Второй роман, «Репетиции», вышел в журнале «Нева». После триумфальных чтений в Бостоне Володя стал давать его в Москве друзьям и немедленно получил прекрасный отзыв драматурга Александра Корина, бывшего питерца, дружившего с замечательным, увы, ныне покойным критиком и литературоведом Самуилом Ароновичем Лурье. В очередную поездку в Петербург Корин передал Лурье текст романа. От Лурье пришла восторженная рецензия, и роман был рекомендован для печати в журнале «Нева». Историю этой публикации повторять не стану – она блистательно изложена самим автором романа в упомянутом эссе «Как я писал роман „Репетиции“».

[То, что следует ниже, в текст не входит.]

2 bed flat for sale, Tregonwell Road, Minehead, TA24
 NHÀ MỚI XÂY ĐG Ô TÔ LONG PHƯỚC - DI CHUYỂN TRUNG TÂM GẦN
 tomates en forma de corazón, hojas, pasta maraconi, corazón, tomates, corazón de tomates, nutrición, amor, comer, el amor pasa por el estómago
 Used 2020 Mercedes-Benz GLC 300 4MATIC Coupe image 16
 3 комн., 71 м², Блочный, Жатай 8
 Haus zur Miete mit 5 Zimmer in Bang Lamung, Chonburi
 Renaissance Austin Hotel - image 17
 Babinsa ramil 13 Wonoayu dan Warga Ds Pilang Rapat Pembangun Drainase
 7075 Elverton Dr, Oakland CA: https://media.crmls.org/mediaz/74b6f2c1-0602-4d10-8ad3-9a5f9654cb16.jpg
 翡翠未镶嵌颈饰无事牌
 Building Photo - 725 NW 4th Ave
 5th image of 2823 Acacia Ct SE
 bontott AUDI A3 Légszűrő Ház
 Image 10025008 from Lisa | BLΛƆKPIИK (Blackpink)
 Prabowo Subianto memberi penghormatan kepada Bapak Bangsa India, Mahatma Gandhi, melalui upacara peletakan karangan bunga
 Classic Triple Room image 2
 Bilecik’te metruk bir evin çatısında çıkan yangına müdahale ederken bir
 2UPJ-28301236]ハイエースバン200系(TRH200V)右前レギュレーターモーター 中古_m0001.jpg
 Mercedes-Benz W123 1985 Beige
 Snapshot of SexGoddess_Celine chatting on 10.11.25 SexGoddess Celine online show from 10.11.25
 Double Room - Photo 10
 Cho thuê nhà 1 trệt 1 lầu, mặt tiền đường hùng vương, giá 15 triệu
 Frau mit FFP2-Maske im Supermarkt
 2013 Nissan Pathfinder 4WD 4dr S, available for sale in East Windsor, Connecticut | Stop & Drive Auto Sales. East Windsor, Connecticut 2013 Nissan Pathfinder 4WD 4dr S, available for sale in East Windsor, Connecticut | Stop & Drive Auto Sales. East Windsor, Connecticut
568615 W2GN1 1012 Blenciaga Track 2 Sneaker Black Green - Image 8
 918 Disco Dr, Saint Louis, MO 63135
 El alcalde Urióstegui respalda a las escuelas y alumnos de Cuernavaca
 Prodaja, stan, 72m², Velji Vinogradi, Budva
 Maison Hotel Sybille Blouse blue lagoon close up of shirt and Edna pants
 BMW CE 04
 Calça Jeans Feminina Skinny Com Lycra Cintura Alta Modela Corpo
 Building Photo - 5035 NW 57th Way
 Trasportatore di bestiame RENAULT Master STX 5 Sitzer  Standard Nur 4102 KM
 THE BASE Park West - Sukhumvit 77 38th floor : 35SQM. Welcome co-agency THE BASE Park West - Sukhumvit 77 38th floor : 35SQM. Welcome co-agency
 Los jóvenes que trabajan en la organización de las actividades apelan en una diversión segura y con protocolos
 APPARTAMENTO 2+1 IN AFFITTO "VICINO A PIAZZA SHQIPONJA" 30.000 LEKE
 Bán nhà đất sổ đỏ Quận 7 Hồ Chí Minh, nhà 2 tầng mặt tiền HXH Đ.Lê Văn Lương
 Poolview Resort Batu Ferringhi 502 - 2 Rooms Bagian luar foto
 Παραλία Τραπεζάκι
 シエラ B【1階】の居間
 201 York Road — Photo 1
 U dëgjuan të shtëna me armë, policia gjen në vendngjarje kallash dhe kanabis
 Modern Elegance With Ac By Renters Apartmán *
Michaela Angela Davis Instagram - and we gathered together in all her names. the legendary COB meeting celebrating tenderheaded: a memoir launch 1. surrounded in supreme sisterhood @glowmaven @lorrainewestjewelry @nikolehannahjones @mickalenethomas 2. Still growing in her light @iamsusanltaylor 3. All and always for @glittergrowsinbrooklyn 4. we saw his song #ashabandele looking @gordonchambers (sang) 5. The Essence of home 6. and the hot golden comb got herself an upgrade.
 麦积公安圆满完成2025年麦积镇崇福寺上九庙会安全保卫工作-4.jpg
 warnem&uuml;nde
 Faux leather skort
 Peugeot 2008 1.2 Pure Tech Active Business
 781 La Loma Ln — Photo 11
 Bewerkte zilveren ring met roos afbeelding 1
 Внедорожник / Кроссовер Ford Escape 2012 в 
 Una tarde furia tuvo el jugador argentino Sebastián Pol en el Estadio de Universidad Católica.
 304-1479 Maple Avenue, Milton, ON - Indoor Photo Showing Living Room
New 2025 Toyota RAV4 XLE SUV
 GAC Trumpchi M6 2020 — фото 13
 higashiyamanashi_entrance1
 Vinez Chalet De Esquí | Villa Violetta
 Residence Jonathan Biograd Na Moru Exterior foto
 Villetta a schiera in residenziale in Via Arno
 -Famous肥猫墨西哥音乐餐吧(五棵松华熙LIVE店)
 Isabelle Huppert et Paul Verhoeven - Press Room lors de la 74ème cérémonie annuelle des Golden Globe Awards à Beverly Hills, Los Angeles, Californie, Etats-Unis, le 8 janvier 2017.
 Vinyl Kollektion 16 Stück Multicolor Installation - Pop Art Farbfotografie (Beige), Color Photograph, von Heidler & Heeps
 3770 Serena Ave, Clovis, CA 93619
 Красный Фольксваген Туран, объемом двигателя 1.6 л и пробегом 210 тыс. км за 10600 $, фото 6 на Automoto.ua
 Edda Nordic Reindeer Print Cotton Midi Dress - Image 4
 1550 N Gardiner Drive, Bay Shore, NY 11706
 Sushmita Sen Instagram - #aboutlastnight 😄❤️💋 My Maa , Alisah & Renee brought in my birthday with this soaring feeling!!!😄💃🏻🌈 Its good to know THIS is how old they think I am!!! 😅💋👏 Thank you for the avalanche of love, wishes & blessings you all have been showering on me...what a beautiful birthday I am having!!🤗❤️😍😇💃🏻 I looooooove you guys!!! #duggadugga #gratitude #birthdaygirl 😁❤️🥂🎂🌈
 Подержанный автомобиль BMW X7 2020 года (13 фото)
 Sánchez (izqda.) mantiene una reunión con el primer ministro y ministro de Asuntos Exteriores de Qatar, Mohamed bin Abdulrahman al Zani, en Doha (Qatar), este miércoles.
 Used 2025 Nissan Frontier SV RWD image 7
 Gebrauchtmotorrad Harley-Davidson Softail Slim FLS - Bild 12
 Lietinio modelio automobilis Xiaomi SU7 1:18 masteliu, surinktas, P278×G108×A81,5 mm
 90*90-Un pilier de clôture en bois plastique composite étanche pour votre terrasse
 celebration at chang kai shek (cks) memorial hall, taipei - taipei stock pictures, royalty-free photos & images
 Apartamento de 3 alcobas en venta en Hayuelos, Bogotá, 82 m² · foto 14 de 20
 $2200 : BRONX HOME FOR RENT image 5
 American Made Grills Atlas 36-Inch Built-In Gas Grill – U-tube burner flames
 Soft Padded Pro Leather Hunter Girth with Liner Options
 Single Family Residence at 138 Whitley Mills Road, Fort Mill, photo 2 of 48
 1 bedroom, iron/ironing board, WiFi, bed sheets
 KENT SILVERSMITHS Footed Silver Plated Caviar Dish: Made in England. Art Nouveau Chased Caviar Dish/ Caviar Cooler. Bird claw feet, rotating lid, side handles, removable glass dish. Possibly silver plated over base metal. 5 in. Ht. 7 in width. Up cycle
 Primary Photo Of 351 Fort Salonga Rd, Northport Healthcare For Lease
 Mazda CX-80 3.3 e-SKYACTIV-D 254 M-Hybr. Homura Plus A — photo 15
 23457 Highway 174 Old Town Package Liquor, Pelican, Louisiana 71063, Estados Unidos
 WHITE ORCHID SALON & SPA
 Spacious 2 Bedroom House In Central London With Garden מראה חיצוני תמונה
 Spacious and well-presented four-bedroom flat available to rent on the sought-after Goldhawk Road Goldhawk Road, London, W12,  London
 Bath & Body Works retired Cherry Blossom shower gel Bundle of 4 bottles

Третий роман, «До и во время», вышел в «Новом мире» (№ 3–4, 1993). Хорошо известно, во что вылились несогласия среди членов редколлегии по поводу Володиного романа. Лишь кое-что добавлю. Печатать или не печатать текст – эти сомнения глодали и Сергея Залыгина, бывшего тогда главным редактором журнала. Володе по нескольку раз в день звонила редактор отдела прозы Инна Петровна Борисова и сообщала: то «Володя, печатаем», то «Володя, не печатаем». Его уже потряхивало от всего происходящего. Наконец его официально пригласили в редакцию, где Сергей Залыгин на заседании редколлегии сказал: можно принимать или не принимать этот роман, но долг самого Залыгина перед русской литературой – текст Шарова опубликовать, потому что, видимо, по этому пути литература и пойдет в ближайшие годы.